Jason M. Williams from Montclair State University, US, applies Black feminist theory to examine how race and gender intersect in reentry experiences. His research identifies barriers in employment, housing, health, and family life for Black men, Black women, and other marginalised groups. Williams highlights innovations including trauma-informed care and peer mentorship, offering recommendations for equity-centered policy reform.
Article 23: Life Skills, Purpose, and Hope: Making Re-Entry Successful
Edward Ahimbisibwe and James Kisambu from Uganda Prisons Service, along with Rosemary Ricciardelli from Memorial University of Newfoundland, describe how Uganda Prisons Service achieves a recidivism rate of 13.4% through diverse programming. Their article demonstrates how investing in human resources, including incarcerated individuals, can produce effective outcomes despite limited budgets, emphasising the provision of value, purpose, and hope.

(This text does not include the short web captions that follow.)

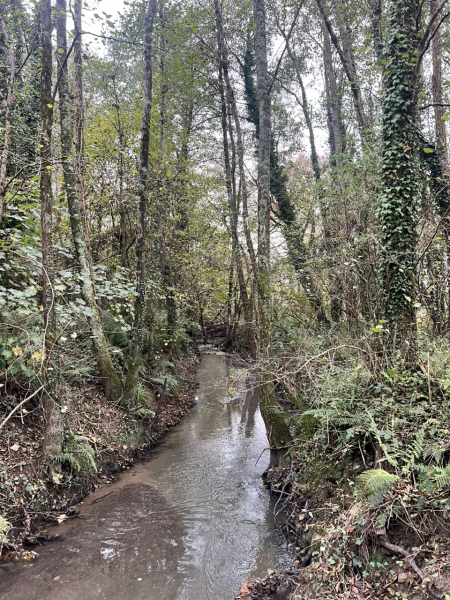 Mounjaro August starters thread 8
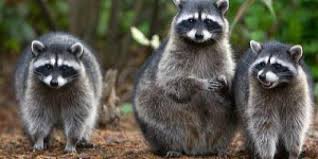 It usually happens that you might have unwanted visitors in your home, office, and other places that get affected by those little creepy crawlers. Raccoon Infestation Interstate Pest Management Vancouver Wa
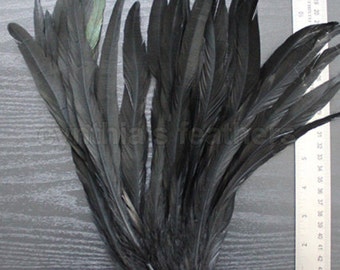 25pcs 10-12" black rooster coque tail feathers for crafting, decoration, millinery supply etc. SKU: 7B51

Article 24: Is Rehabilitation a Habit of the Heart? Public Opinion as Correctional Cultural Capital
Francis T. Cullen from the University of Cincinnati and Cheryl Lero Jonson from Xavier University, US, present longitudinal survey data from 1979 to present demonstrating that rehabilitation remains a core American cultural orientation. Their research shows consistent public support for treatment programs, early intervention, and community inclusion policies. They argue that public opinion constitutes significant cultural capital for practitioners and reformers.
Article 25: Punishment That Still Works? Norway’s Challenging and Changing Correctional Landscape
John Todd-Kvan from University College, Norwegian Correctional Service, provides an overview of Norway's evolving correctional landscape. Using a recent policy document, he examines challenges related to resourcing, staffing, mental health, and gender. Todd-Kvan offers specific lessons regarding electronic monitoring and correctional salaries, noting that practical issues connect closely with cultural aspects such as empathic leadership and knowledge-based practice.

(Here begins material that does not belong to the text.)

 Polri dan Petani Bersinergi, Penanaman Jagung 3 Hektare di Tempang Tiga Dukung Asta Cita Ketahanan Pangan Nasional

Jeffrey Ian Ross from the School of Criminal Justice, University of Baltimore, US, advocates for integrating formerly incarcerated individuals into correctional policy and program design. His paper addresses challenges including the conflation of practitioner and lived experience, presenting evidence-based frameworks and practical guidelines for mentorship programs. Ross contributes to establishing more humane and effective correctional practice through the inclusion of convict perspectives.
Article 27: “What Works” Creates Constructive (Rehabilitation) Cultures!

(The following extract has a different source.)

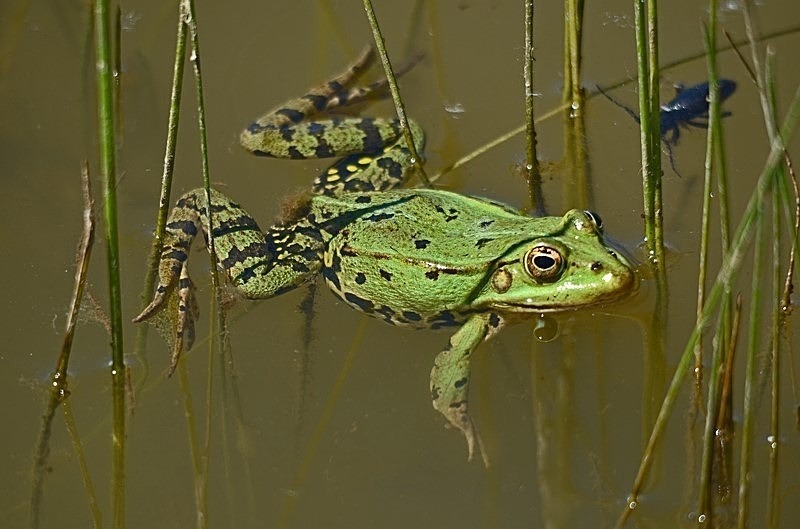 June 2017 - Marsh Frog - Photos of the month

Faye Taxman from George Mason University, US, explains how evidence-based practices advance outcomes for correctional systems, staff, and individuals. Her article emphasises implementing specific treatments, using incentives over sanctions, fostering procedural justice, and creating supportive cultures. Taxman argues that focusing on correctional leaders and staff is imperative for effective implementation of what works principles.
Article 28: Better Than Arrival Corrections: The University as a Partner in Systemic Well-Being
Kevin Wright from Arizona State University, US, proposes reorienting corrections from reducing recidivism to enhancing holistic well-being. His concept of Better Than Arrival Corrections broadens the definition of correctional success and identifies universities as uniquely positioned partners due to their breadth of expertise and capacity to integrate diverse knowledge forms. Wright offers practical steps for agencies and universities to adopt well-being-centered approaches.